The following transcript is from an oral interview taken by Margaret Bennett from Marion Kelly who used to work at the Blairadam brickworks. This was taken as part of the Grace Notes Scotland project.
Grace Notes Scotland is dedicated to identifying and handing on traditions to new generations. All of our projects document (whether in written or oral form), conserve, nurture and promote Scotland’s languages and dialects, traditions and skills, oral history, songs, tunes and stories.
Informant(s): Marion Kelly (MK) and Mary Murphy (daughter)
Place: Kelty (93 Centre St.)
Date: 18/12/2015
Fieldworker(s) Margaret Bennett and Lyn Reilly (age 15)

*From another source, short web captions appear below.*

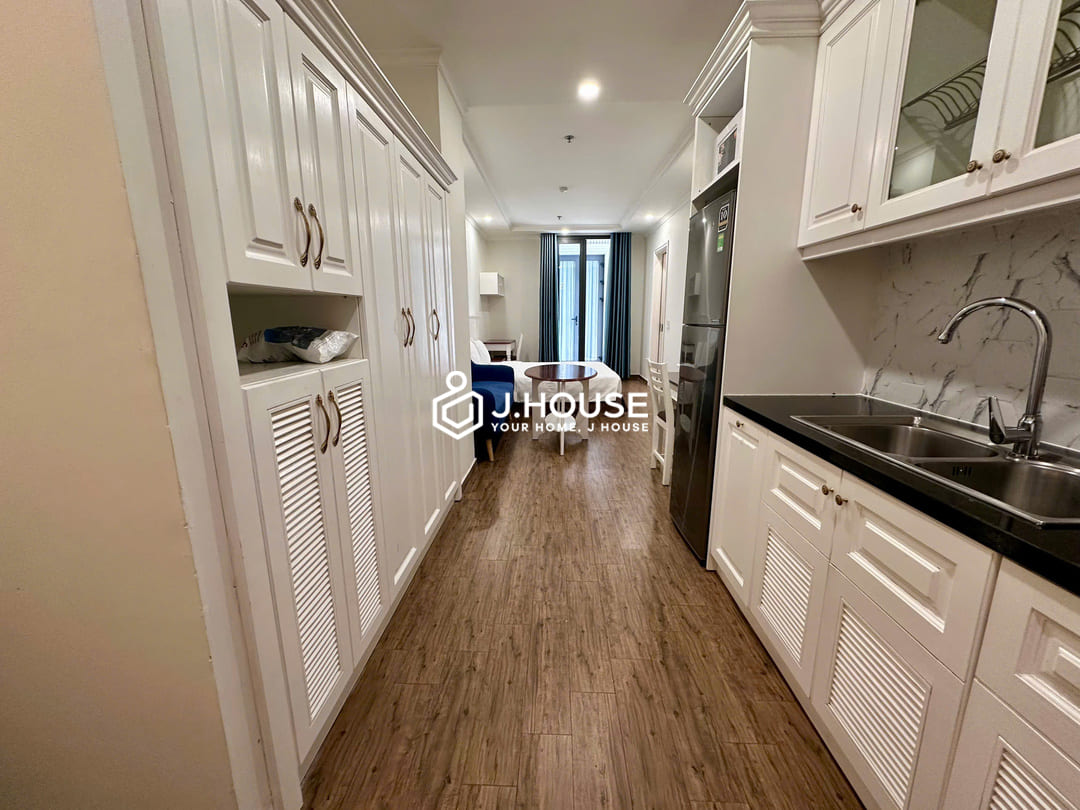 Modern studio Apartment with pool and gym at Genuss Apartment, Thao Dien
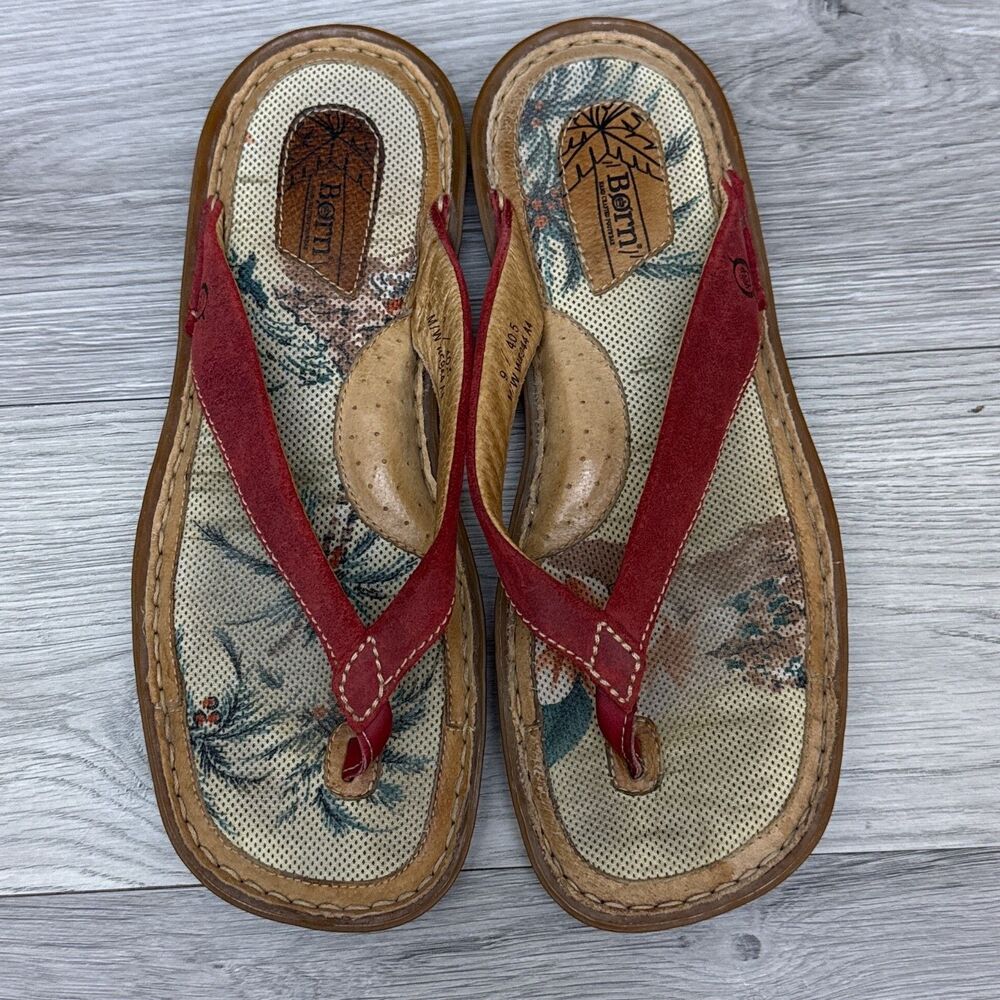BORN Womens Thong Leather Sandals 9M Rio Red Tropical Vacation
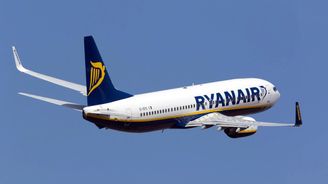 Ryanair mění pravidla pro palubní zavazadla, zákazníci si připlatí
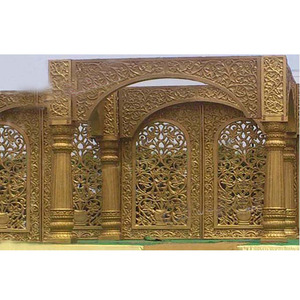 Rajasthani-Mandap de boda de diseño, Panel de flores de boda, Mandap de Pilar dorado - Product Image 1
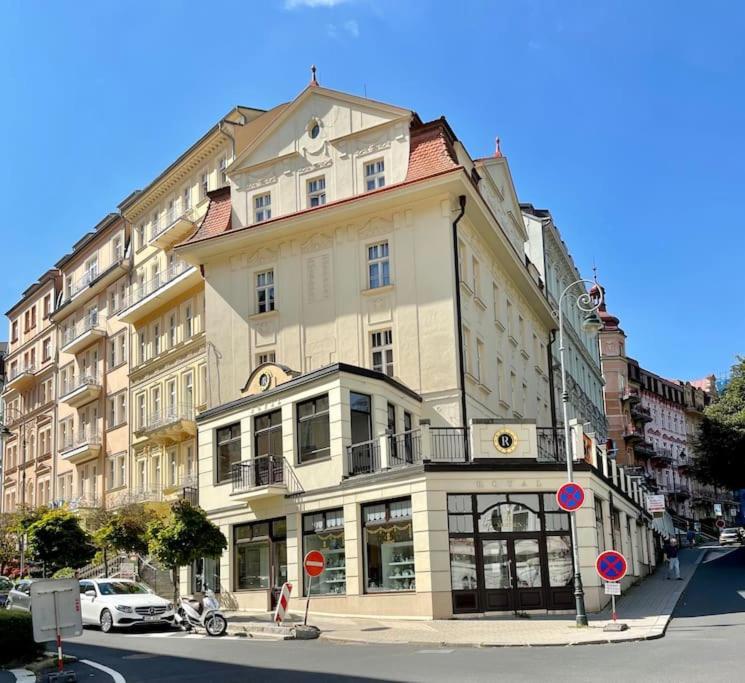 Huge Two Floor Apartment On The Park Colonnade With Free Parking For One Car, 160 Sqm Karlovy Vary Exterior photo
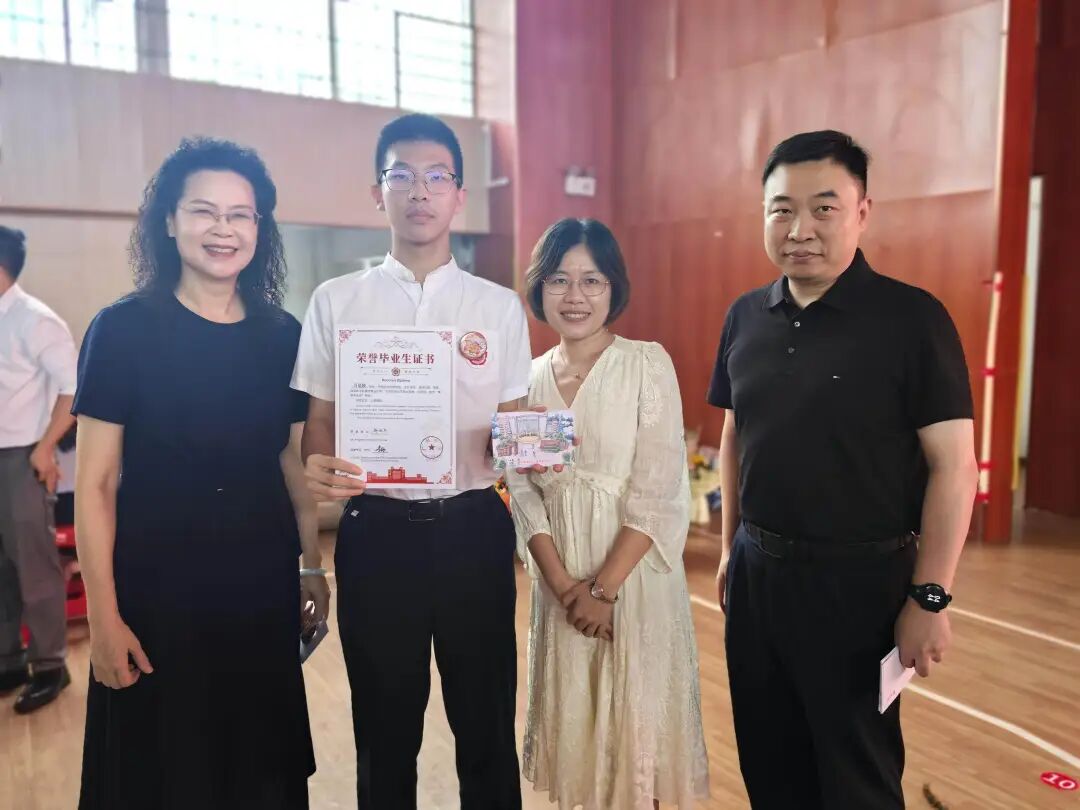 夏崚妈妈夏靖的小学班主任、龙口西小学校长陈武，夏崚，小学班主任何玉萍，夏崚爸爸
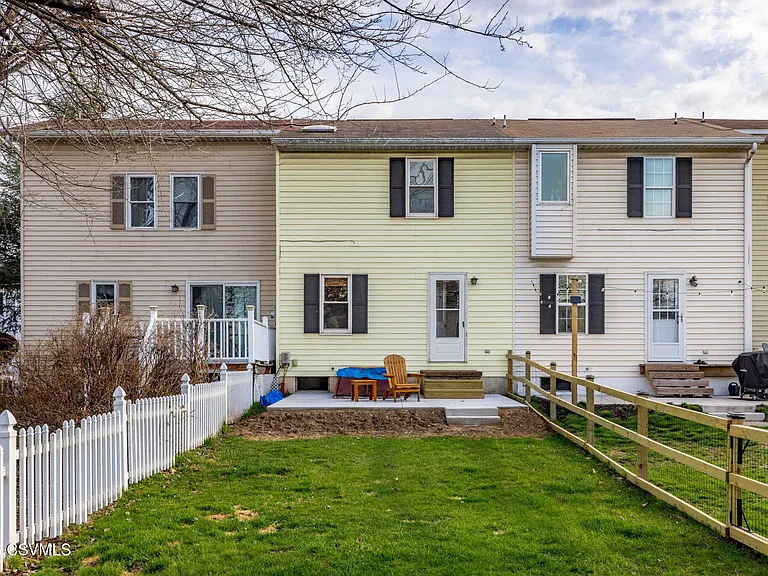 606 Nicholas Ave — Photo 18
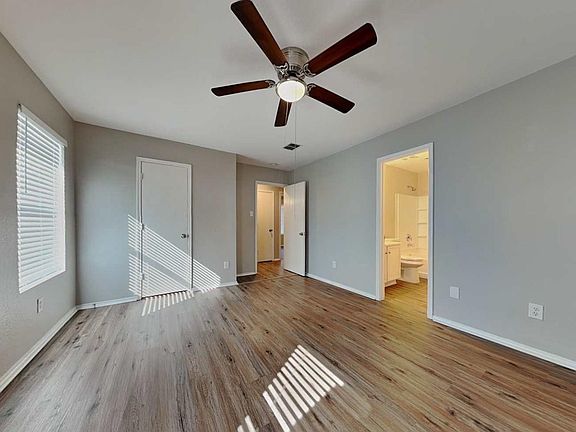 2nd image of 1529 Queens Brook Ln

Original format: Edirol digital mic
Transcription: Michelle Iona Melville
Copied to CD
MB: You were saying that you worked in a brickworks one time
MK: Aye ….
MB: Which one?
MK: Blairadam. It’s closed now. I think all the brickworks are closed aren’t they?
MB: Yes they are, all closed everyone. So what stage in your life was the job in the
brickworks?
MK: I was married when I worked in the brickwork, I was married and had just come to
live in Kelty and my husband’s sister and I worked there. It was good, it was good in
the brickwork….. And we had dungarees, you were supplied with dungarees, aye
MB: Yes, was that quite a novelty to you, having dungarees?
MK: Aye
MB: Because actually, I don’t know if I’m right in this but your generation women didn’t
really wear trousers just as much as they did at that time.
MK: That’s right
MB: It was always dresses and skirts, wasn’t it?
MK: Aye
MB: Yes and so this would be a novelty, dungarees that was really quite daring
MK: Aye
MB: … I’ve no idea what kind of work you’ll be doing so would you be able to, what was
it like?
MK: It was when the bricks come out of the machine, do you know when they were just
being made, they were soft and they come out of the machine
MB: Was that like a mould?
MK: They were moulded but they come out of the machine just as bricks but they were
black and you put them on to a trolley, you had a trolley sitting at the machine so you
lifted them, there was one at each side lifting them onto the trolley and then they were
taken from there to the kilns where they were fired
MB: What did they feel like, they were heavy then?
MK: They were heavy and soft.
MB: Yes
MK: They were actually soft and black.
MB: Now if you lifted them would you make fingerprints in them?
MK: I suppose you could have made fingerprints in them.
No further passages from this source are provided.